Sigue ahora la parte de la historia que más me gusta. El caballo fue instalado en un pequeño cobertizo de madera, detrás de la casa. La anciana lo alimentaba personalmente cada día, le daba masajes en las patas, le administraba sus medicamentos. Gradualmente la fiebre fue disminuyendo y el caballo intentaba algún movimiento, pero inútilmente. La anciana no había pensado competir con el diagnóstico del veterinario. Estaba orgullosa de que el caballo evolucionara, y dispuso que se construyera una residencia permanente para su compañero. El desnudo cobertizo rectangular donde había vivido no parecía un lugar demasiado apropiado para un caballo que estaría privado para siempre de los placeres del paseo, del galope y del ejercicio de arrastrar el carro del leñador. «A los caballos les agradan los bellos paisajes», dijo a la gente del pueblo, incapacitada para responder a una afirmación tan singular. Contrató albañiles y peones y construyó una pequeña torre de unos seis metros de alto al otro lado del jardín. Junto a la torre, una rampa espiral conducía a una habitación de confortable tamaño en la parte superior. El caballo fue a vivir en esta habitación. Por las mañanas, lo ayudaba a bajar para atarlo a la valla; con el calor del sol de mediodía, volvía a conducirlo a la torre; a la hora del té, bajaba otra vez y permanecía junto a su protectora, que descansaba tendida en una hamaca. Pronto los movimientos del caballo ganaron seguridad y fuerza, de modo que pudo ingeniarse por sí solo para bajar la rampa. Subía y bajaba a todas horas de su torre sin salirse de las propiedades de la mujer.
Después de varios meses de vida en la torre mirando el mar azul, el paso lastimoso del caballo podía describirse como de paseo, aunque con una severa cojera; la anciana empezó a llevarlo cogido de las bridas de un lado a otro de la ciudad, cuando iba al mercado. Todo el mundo reía de su simpática locura, y nadie advertía que la cojera del caballo disminuía apreciablemente. Un día, una ocasión que tuve la fortuna de poder contemplar, la señora apareció en la población montada en su caballo. El caballo la llevaba tranquilamente, a través de las calles del pueblo, sin ningún síntoma de cojera.

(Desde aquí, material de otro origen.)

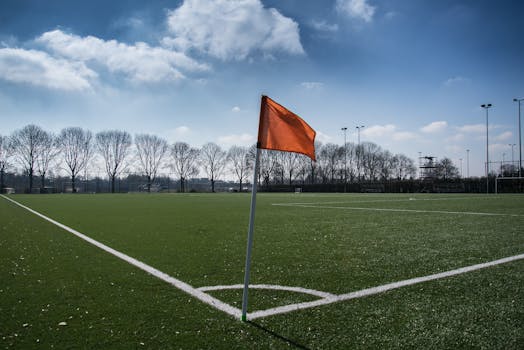Wide view of an outdoor soccer field with an orange corner flag under a clear blue sky.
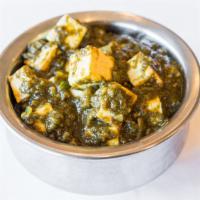 Saag Paneer (Gf) · Cottage cheese and spinach slow-cooked in an onion-based ginger-garlic sauce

Fuera por la hermosa vista del mar, auténtico privilegio, o por agradecimiento hacia la vieja dama, la verdad es que el caballo estaba enteramente curado. Tanto los forasteros como los isleños dijeron que sus piernas nunca habían sido tan finas y rectas, cuando su existencia transcurría tirando del carro del leñador. Tales son los poderes curativos de una buena morada con una arquitectura adecuada.